Needham looked angry, and then a cunning slyness passed across his face. “I’m satisfied with that,” he said. “Aye, I’m satisfied, though you may tell me I’ve come a long road to be satisfied wi’ so little at the end o’ it.” Reuben rose, bowing gravely. “I am glad to have satisfied you, Mr. Needham,” he said, blandly ignoring the hint that an invitation to dinner was the natural expectation of a traveled caller.
“Aye,” said Needham, “Aye.” He finished the bottle, since nothing more substantial was forthcoming, and rose to go. “Then I’ll be hearing from you?”
“Yes,” Reuben assured him. “I will see you to your horse.”
“Nay, you’ll not. They don’t breed my make of horse. I’ve a coach at door, and extra strong, too.”
“Then I will see you to your coach.” Needham nodded to the silent Edward, and went out with Reuben. There was no strategical issue between Needham and Hepple-stall. Needham, when he spoke, used phrases taken from the writings of manufacturers more literate than himself, and so stated, by such a man, his point of view sounded preposterously obscurantist. But it was, in essence, Reuben’s view also, with the difference that Reuben looked on attempts to combat the principle of Unionism as tactical error. The Combination Acts, he felt, had gone for ever, and the common policy of the masters should not be in the direction of reviving those Acts but of meeting the consequences of their repeal.
He was, indeed, habitually averse from open association with his fellow manufacturers because of his self-conscious social difference, and, where such a man as Needham led, was apt to pick more holes in his policy than were reasonable. It was quite likely in the present case that he would come round to Needham’s view, but certainly he would not hurry. The troubles at Blackburn were remote from him and he felt his own factory was out of the danger zone, and that if he threw in his weight with the Needham petition it would be altruistically, and perhaps a waste of influence which could have found better employment. His own people were showing no signs of restiveness, and he didn’t think Unionism was making much headway amongst them. Reason and self-interest seemed allied with his native individualism to resist Needham’s policy.
He returned to find Edward staring gloomily at his boots. “Well, Edward?” he asked cheerily. “Did you like your lesson?”
“The thing I liked, sir, the only thing I liked, is that you are not to act with Mr. Needham.”
“Am I not?”
“It did not sound so. Tell me, is that a fair specimen of the type of man you meet in business?”
“No. In many ways he is superior to the most.”
“Superior! That fat elephant!”
“Needham is one of the strongest men in the cotton trade, Edward.”
“Oh, I called him elephant. Elephants have strength.”

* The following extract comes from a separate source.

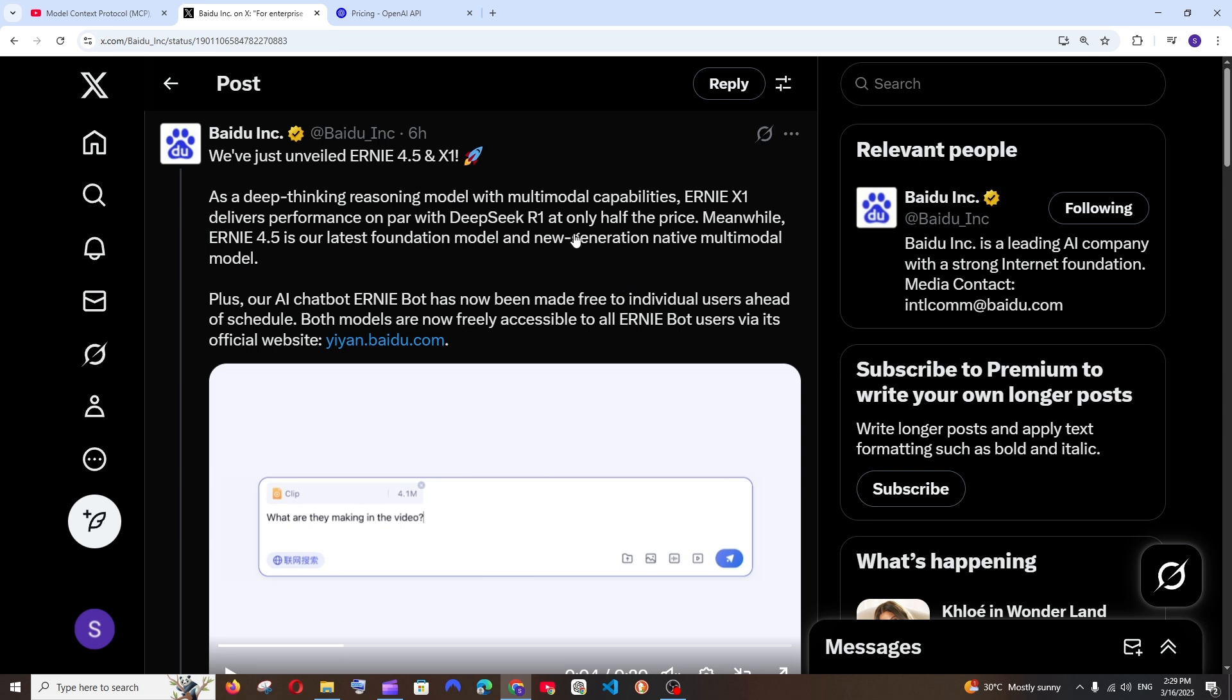Ernie X1 is a deep thinking model that performs on par with DeepSeek R1, and the cool thing is it gives that performance at only half the price.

“And strength is despicable?”
“No. But—”
“But Needham is a gross pill to swallow. Well, if it will ease your mind, I do not propose to act with him on this issue. You need not swallow this pill, Edward. But I am not looking to a son of mine to be a runaway from duty, to be a loiterer in smooth places. You have Oxford which is, I hope, confirming you as a gentleman and you have the factory which will confirm you as a man. I could make you an appeal. I could first point out that I am single-handed here in a position which grows beyond the strength of any single pair of hands. I could dub you my natural ally at a time when I have need of an ally. But I shall make you neither an appeal nor a command. Hepplestall’s is a greater thing than I who made it or than you who will inherit it, and there is no occasion for pressure. You are, naturally, inevitably, in its service.” Edward felt rather than saw that somewhere at the opening of the well down which this plunged him there was daylight. “I do not perceive the inevitability,” he cried. “You doom me to a monstrous fate.”
“You are heroical,” said Reuben, “but as to the inevitability, take time, and you will perceive it.”
“Daylight! Give me the daylight!” was what Edward wanted to say, but he repressed that and hardly more happily he asked, “Is there no beauty in life?”
“There is beauty in Hepplestall’s,” said Reuben, and meant it. He had created Hepplestall’s.